The hydrogen ion concentration is expressed with the pH scale universally, which avoids having to deal with extremely small numbers. The logarithmic pH scale was developed to make the handling of ionic dissociation changes in an aqueous solution, with a range of more than 14 orders of magnitude, less cumbersome. In addition, dealing with very small numbers in a denominator (as when calculating percentage change) can lead to the false impression that a change has greater significance than is warranted. A pH decline from 8.2 to 8.1, the commonly claimed recent change in seawater, (http://www.whoi.edu/fileserver.do?id=165564&pt=2&p=150429) amounts to a change of -1.2% on the pH scale (-0.1/8.2) and it would take a change of about -15% to reach neutrality (pH = 7). It is disingenuous to cite an equivalent change of 30% in the untransformed active hydrogen ion concentration (http://www.huffingtonpost.ca/alex-mifflin/oceans-co2-seafood_b_7286392.html) without noting the percentage change required to reach even neutrality, let alone an actual significant acid condition. The alleged change that has occurred in hydrogen ion concentration is actually about 25% (The value usually cited is rounded up considerably!). It would take a change of nearly 1500% in the hydrogen ion concentration to reach neutrality. That is, there has been a percentage change of about 1.7% (25/1500) of hydrogen ion concentration necessary to reach neutrality. Inflating numbers and not putting them in context seems to me to be an act of hyperbole that raises a question of objectivity.

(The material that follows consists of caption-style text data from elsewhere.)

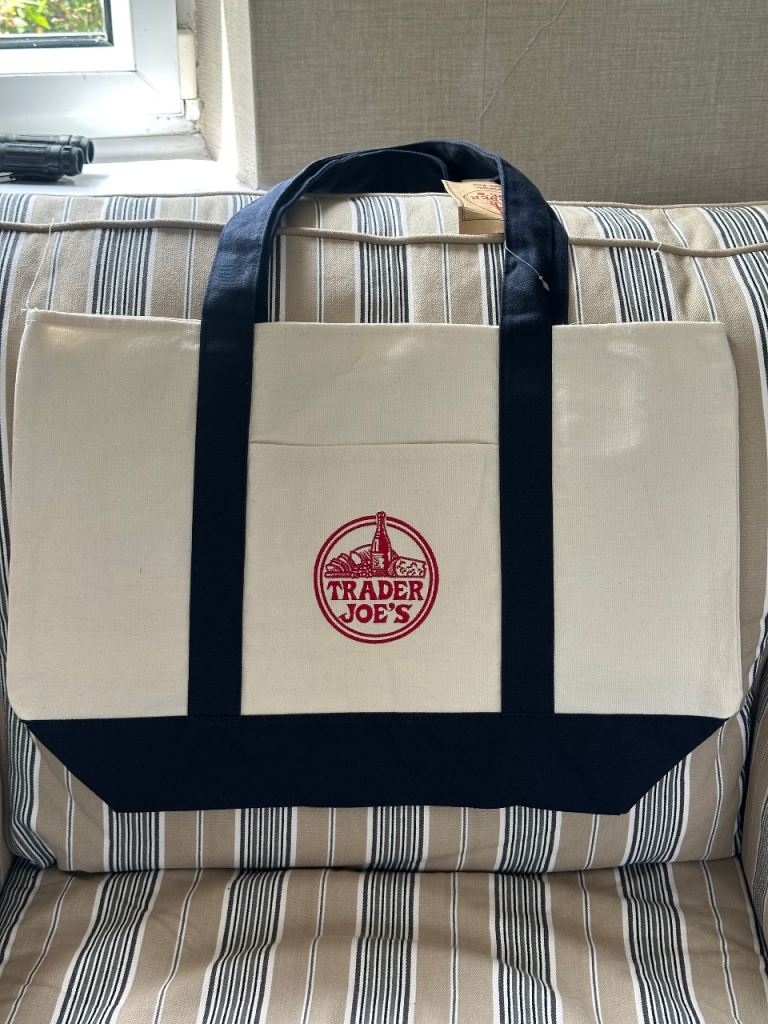 Classic Trader Joe’s tote bag
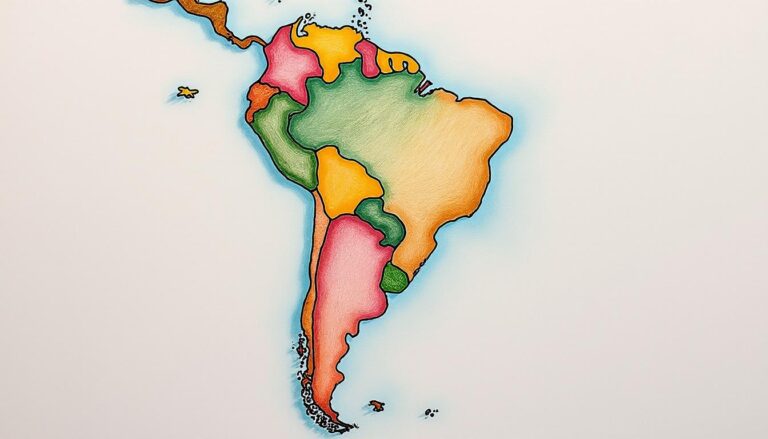 découvrez notre carte interactive détaillée de l'amérique du sud pour explorer ses pays, villes et paysages emblématiques en un clic.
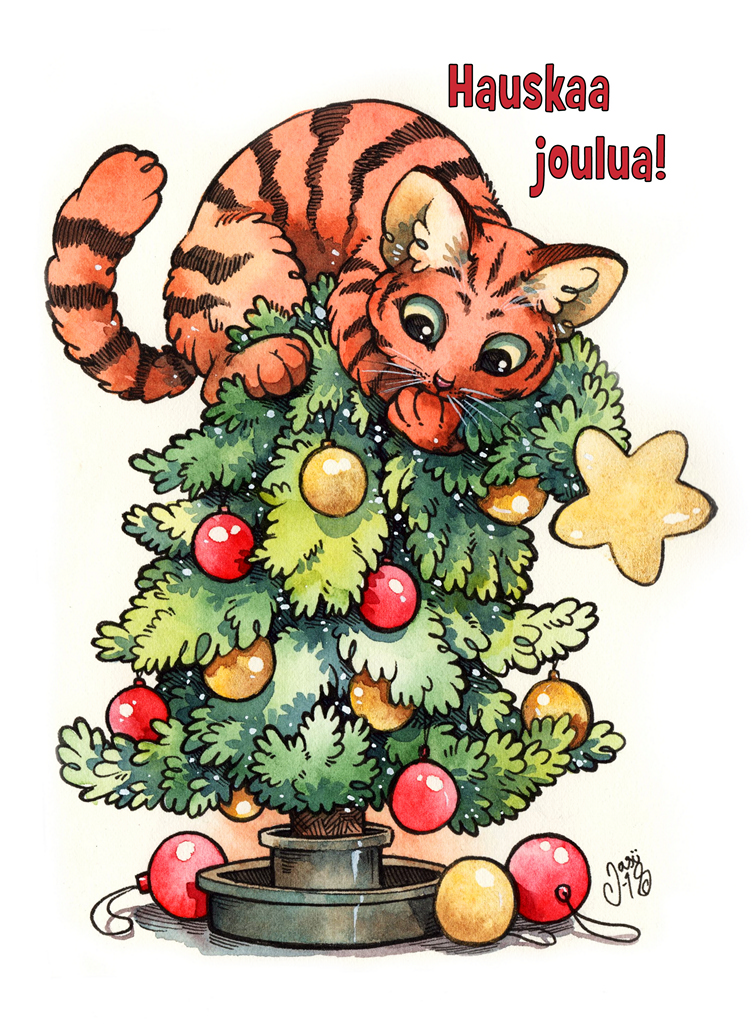 Jasu Wonder World Christmas Cards Jasu Wonder World Christmas Cards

Solutions with a pH of less than 7 have been called acidic, and greater than 7, alkaline or basic, for more than 100 years. Acids and bases have different properties. The hydrogen ion concentration of an alkaline solution, which experiences a lowering of pH, moves in the direction of acidity, but does not become acidic until neutrality is first reached and then passed. A pH converging on 7 – from either end of the pH range – is referred to as neutralizing. One might think that referring to alkalinity would be the obvious way to refer to the state of an alkaline solution. Unfortunately, alkalinity was given a very specific definition that is related to buffering capacity, or the resistance to pH change when an acid is added to an alkaline solution. Although, some pool and spa-chemical manufacturers commonly label their pH-increasing product, sodium bicarbonate, as “pH/alkalinity up.” The phrases “less alkaline,” “reduced base,” or “de-alkalizing” would convey more information than ‘acidification.’ That is, one would immediately understand that seawater is alkaline and the pH is decreasing. The term lowered or decreased ‘basicity’ might be used alternatively, although it tends to be used to describe how chemically ‘basic’ a particular anion is. Even saying “decreasing towards neutrality” has merit over the shorter, casual ‘acidifying.’ One could legitimately say that an alkaline solution experiencing a reduction in pH is becoming less caustic; however, the expression is nearly as loaded as “more acidic.” Carbonation is a term that has been suggested as an alternative to ocean acidification. I could support this because it isn’t a pejorative word and it speaks to the process that is of concern, namely the chemical changes resulting from the absorption of carbon dioxide.
The pH scale as it should be presented
Note that fresh water, slightly buffered with sodium bicarbonate, super-saturated with CO2 (Club Soda), has an initial pH of about 5 when first opened. After reaching equilibrium with CO2 in the air (becomes ‘flat’), it has a pH of about 8. Tap water, with some calcium and magnesium carbonates present (hard water), has a pH of about 7.5 to 8.0. Putting that same tap water in a soda charging-bottle and super-saturating it with CO2 yields a solution with a pH of about 6, initially. Freshly opened commercial 7 UP™, with both carbonic acid (H2CO3) and citric acid has a pH of about 3!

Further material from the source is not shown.